*** Opening of DATA TO PROCESS ***
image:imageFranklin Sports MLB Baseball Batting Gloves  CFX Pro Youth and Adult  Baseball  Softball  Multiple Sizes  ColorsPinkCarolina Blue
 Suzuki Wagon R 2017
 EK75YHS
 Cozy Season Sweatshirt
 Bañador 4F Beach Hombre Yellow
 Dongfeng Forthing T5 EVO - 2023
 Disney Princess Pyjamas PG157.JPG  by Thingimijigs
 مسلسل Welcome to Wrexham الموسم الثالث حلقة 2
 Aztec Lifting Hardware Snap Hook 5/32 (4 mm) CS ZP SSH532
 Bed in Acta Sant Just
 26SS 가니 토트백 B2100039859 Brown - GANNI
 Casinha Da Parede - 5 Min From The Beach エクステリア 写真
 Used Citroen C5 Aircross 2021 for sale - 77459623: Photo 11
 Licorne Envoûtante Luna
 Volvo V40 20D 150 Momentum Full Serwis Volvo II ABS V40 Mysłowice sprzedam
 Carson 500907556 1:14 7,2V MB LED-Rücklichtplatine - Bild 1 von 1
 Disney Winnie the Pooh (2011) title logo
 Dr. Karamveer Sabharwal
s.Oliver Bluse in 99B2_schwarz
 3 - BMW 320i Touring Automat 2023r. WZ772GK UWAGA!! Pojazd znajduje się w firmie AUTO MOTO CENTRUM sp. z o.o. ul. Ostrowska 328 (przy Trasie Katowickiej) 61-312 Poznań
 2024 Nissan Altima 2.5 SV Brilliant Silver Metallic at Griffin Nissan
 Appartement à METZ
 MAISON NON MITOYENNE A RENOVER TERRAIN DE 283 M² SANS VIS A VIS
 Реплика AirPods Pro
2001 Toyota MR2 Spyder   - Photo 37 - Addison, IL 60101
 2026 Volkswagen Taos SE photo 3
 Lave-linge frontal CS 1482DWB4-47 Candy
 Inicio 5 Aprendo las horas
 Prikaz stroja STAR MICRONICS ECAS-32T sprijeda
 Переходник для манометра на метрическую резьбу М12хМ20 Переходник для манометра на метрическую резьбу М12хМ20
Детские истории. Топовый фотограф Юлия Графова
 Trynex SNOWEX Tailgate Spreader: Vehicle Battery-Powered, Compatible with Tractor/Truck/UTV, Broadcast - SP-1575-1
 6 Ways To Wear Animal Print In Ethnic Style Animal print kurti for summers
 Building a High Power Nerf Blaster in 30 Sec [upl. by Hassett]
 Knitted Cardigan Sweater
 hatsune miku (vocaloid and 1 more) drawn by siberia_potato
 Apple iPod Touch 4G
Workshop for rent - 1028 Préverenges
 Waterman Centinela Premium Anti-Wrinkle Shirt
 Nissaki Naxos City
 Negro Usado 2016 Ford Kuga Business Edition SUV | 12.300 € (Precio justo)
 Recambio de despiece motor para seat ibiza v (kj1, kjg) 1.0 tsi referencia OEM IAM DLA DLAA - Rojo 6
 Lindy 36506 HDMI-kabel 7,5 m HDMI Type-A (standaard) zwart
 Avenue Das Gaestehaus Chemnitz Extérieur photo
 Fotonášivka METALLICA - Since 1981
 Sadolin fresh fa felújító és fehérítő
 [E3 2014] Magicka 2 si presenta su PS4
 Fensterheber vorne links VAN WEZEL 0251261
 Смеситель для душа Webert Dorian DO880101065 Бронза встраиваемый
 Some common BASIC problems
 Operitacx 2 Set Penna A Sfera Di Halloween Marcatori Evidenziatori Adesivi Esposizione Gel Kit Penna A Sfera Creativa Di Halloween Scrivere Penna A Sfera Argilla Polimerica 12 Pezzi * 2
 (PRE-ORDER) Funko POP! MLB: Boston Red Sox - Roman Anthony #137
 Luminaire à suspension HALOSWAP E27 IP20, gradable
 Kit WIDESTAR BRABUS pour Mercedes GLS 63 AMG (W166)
*** Close of DATA TO PROCESS ***
▶ WHAT YOU HAVE TO DO
A verbatim copy of every entry is needed.

▶ SOLUTION TO THIS EXERCISE
image:imageFranklin Sports MLB Baseball Batting Gloves  CFX Pro Youth and Adult  Baseball  Softball  Multiple Sizes  ColorsPinkCarolina Blue
 Suzuki Wagon R 2017
 EK75YHS
 Cozy Season Sweatshirt
 Bañador 4F Beach Hombre Yellow
 Dongfeng Forthing T5 EVO - 2023
 Disney Princess Pyjamas PG157.JPG  by Thingimijigs
 مسلسل Welcome to Wrexham الموسم الثالث حلقة 2
 Aztec Lifting Hardware Snap Hook 5/32 (4 mm) CS ZP SSH532
 Bed in Acta Sant Just
 26SS 가니 토트백 B2100039859 Brown - GANNI
 Casinha Da Parede - 5 Min From The Beach エクステリア 写真
 Used Citroen C5 Aircross 2021 for sale - 77459623: Photo 11
 Licorne Envoûtante Luna
 Volvo V40 20D 150 Momentum Full Serwis Volvo II ABS V40 Mysłowice sprzedam
 Carson 500907556 1:14 7,2V MB LED-Rücklichtplatine - Bild 1 von 1
 Disney Winnie the Pooh (2011) title logo
 Dr. Karamveer Sabharwal
s.Oliver Bluse in 99B2_schwarz
 3 - BMW 320i Touring Automat 2023r. WZ772GK UWAGA!! Pojazd znajduje się w firmie AUTO MOTO CENTRUM sp. z o.o. ul. Ostrowska 328 (przy Trasie Katowickiej) 61-312 Poznań
 2024 Nissan Altima 2.5 SV Brilliant Silver Metallic at Griffin Nissan
 Appartement à METZ
 MAISON NON MITOYENNE A RENOVER TERRAIN DE 283 M² SANS VIS A VIS
 Реплика AirPods Pro
2001 Toyota MR2 Spyder   - Photo 37 - Addison, IL 60101
 2026 Volkswagen Taos SE photo 3
 Lave-linge frontal CS 1482DWB4-47 Candy
 Inicio 5 Aprendo las horas
 Prikaz stroja STAR MICRONICS ECAS-32T sprijeda
 Переходник для манометра на метрическую резьбу М12хМ20 Переходник для манометра на метрическую резьбу М12хМ20
Детские истории. Топовый фотограф Юлия Графова
 Trynex SNOWEX Tailgate Spreader: Vehicle Battery-Powered, Compatible with Tractor/Truck/UTV, Broadcast - SP-1575-1
 6 Ways To Wear Animal Print In Ethnic Style Animal print kurti for summers
 Building a High Power Nerf Blaster in 30 Sec [upl. by Hassett]
 Knitted Cardigan Sweater
 hatsune miku (vocaloid and 1 more) drawn by siberia_potato
 Apple iPod Touch 4G
Workshop for rent - 1028 Préverenges
 Waterman Centinela Premium Anti-Wrinkle Shirt
 Nissaki Naxos City
 Negro Usado 2016 Ford Kuga Business Edition SUV | 12.300 € (Precio justo)
 Recambio de despiece motor para seat ibiza v (kj1, kjg) 1.0 tsi referencia OEM IAM DLA DLAA - Rojo 6
 Lindy 36506 HDMI-kabel 7,5 m HDMI Type-A (standaard) zwart
 Avenue Das Gaestehaus Chemnitz Extérieur photo
 Fotonášivka METALLICA - Since 1981
 Sadolin fresh fa felújító és fehérítő
 [E3 2014] Magicka 2 si presenta su PS4
 Fensterheber vorne links VAN WEZEL 0251261
 Смеситель для душа Webert Dorian DO880101065 Бронза встраиваемый
 Some common BASIC problems
 Operitacx 2 Set Penna A Sfera Di Halloween Marcatori Evidenziatori Adesivi Esposizione Gel Kit Penna A Sfera Creativa Di Halloween Scrivere Penna A Sfera Argilla Polimerica 12 Pezzi * 2
 (PRE-ORDER) Funko POP! MLB: Boston Red Sox - Roman Anthony #137
 Luminaire à suspension HALOSWAP E27 IP20, gradable
 Kit WIDESTAR BRABUS pour Mercedes GLS 63 AMG (W166)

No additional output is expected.